Comment se mettre en conformité ?
- Mettre à jour SPF et DKIM : s’assurer qu’ils sont bien configurés, que les clés DKIM sont suffisamment longues (2048 bits) et valides
- Publier un enregistrement DMARC en mode « none », pour débuter une phase de collecte
- Analyser les rapports XML reçus via un outil de visualisation (Agari, Dmarcian, Postmark, etc.)
- Ajuster progressivement la politique vers « quarantine », puis « reject », en s’appuyant sur l’analyse des rapports
- Former les équipes à la lecture des rapports et à la gestion DNS. Une formation interne ou l’appui d’un prestataire externe est souvent recommandé
- Documenter la politique de gestion des e-mails sortants : quels services sont autorisés à envoyer depuis le domaine ? Où sont-ils hébergés ? Quels flux doivent être exclus ?
- Mettre en place une supervision continue : des outils automatisés permettent aujourd’hui de recevoir des alertes en cas de changement dans les comportements d’envoi ou de détection d’anomalies
Vers une nouvelle culture de la délivrabilité
Mettre en place DMARC, ce n’est pas seulement un impératif technique : c’est un acte stratégique. Cela signifie reprendre le contrôle de son identité d’expéditeur, protéger sa marque et ses clients, et s’inscrire dans une culture de la confiance numérique. Loin d’être une contrainte, c’est un signal positif envoyé à tout l’écosystème.

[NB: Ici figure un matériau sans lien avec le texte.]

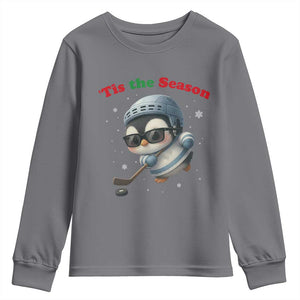 Penguin On Ice Tis The Season Youth Sweatshirt Funny Christmas Gift TS12 Charcoal Print Your Wear
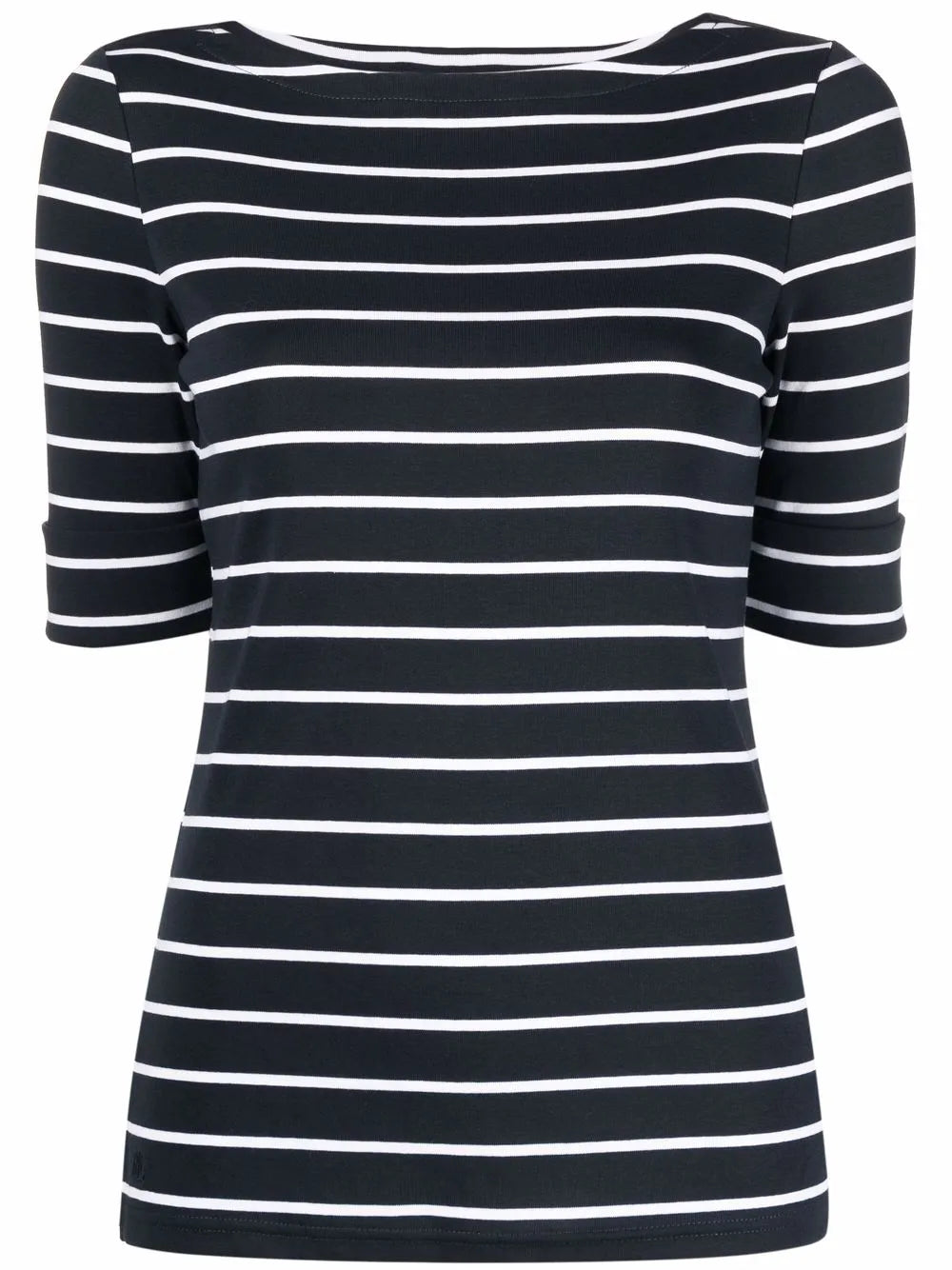 Horizontal-Stripe Short-Sleeve Top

Les bénéfices vont au-delà de la sécurité : une meilleure délivrabilité, une réputation de domaine améliorée, une visibilité sur les usages légitimes et abusifs, et une posture proactive face aux menaces. En outre, une configuration rigoureuse de DMARC s’accompagne souvent d’une revue complète des flux de courriel, permettant de rationaliser les usages et de supprimer les services obsolètes ou mal maîtrisés.
L’enjeu de la pédagogie auprès des dirigeants
Trop souvent encore, la configuration des politiques DMARC reste cantonnée aux équipes techniques. Pourtant, les conséquences d’un mauvais paramétrage (perte de délivrabilité, usurpation d’identité, atteinte à la réputation) sont stratégiques. Sensibiliser les décideurs aux enjeux business du protocole est essentiel pour obtenir les ressources nécessaires, arbitrer les priorités, et éviter les blocages internes.

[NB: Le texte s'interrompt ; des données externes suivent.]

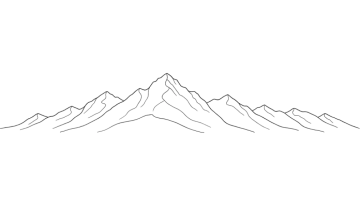 a black and white drawing of mountains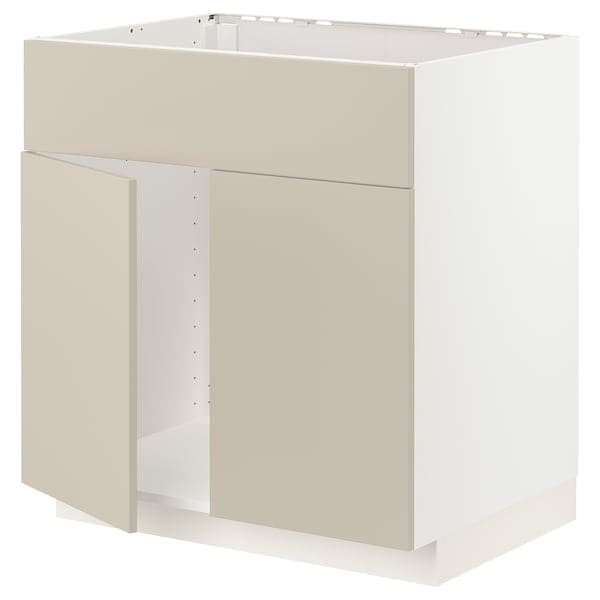 METOD - Base cabinet f sink w 2 doors/front, white/Havstorp beige, 80x60 cm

Il est aussi utile d’inclure DMARC dans les formations de sensibilisation à la cybersécurité. Une compréhension même sommaire de ce protocole par les équipes métier contribue à créer une culture commune autour de l’authenticité des communications.

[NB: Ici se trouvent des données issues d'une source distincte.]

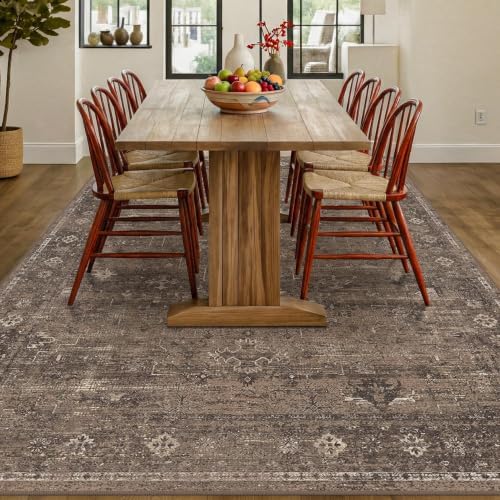 Brown Farmhouse 7x9 Area Rugs for Living Room, Dark Neutral Vintage Distressed - Image 6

DMARC : une exigence, plus un choix
DMARC est un outil puissant, mais sa mise en œuvre nécessite rigueur, pédagogie et anticipation. À l’heure où l’authenticité des communications devient un enjeu central de la cybersécurité, 2025 pourrait bien marquer le basculement définitif vers une adoption de masse. Encore faut-il éviter les pièges de la configuration approximative, et comprendre que cette démarche s’inscrit dans un projet global de sécurisation des flux numériques.
La bonne nouvelle ? L’écosystème d’outils, de guides et de retours d’expérience n’a jamais été aussi riche. Pour les organisations qui veulent s’y mettre, il n’a jamais été aussi facile de bien faire. Et pour celles qui hésitent encore, il est temps de comprendre que DMARC n’est plus un “plus”, mais une exigence.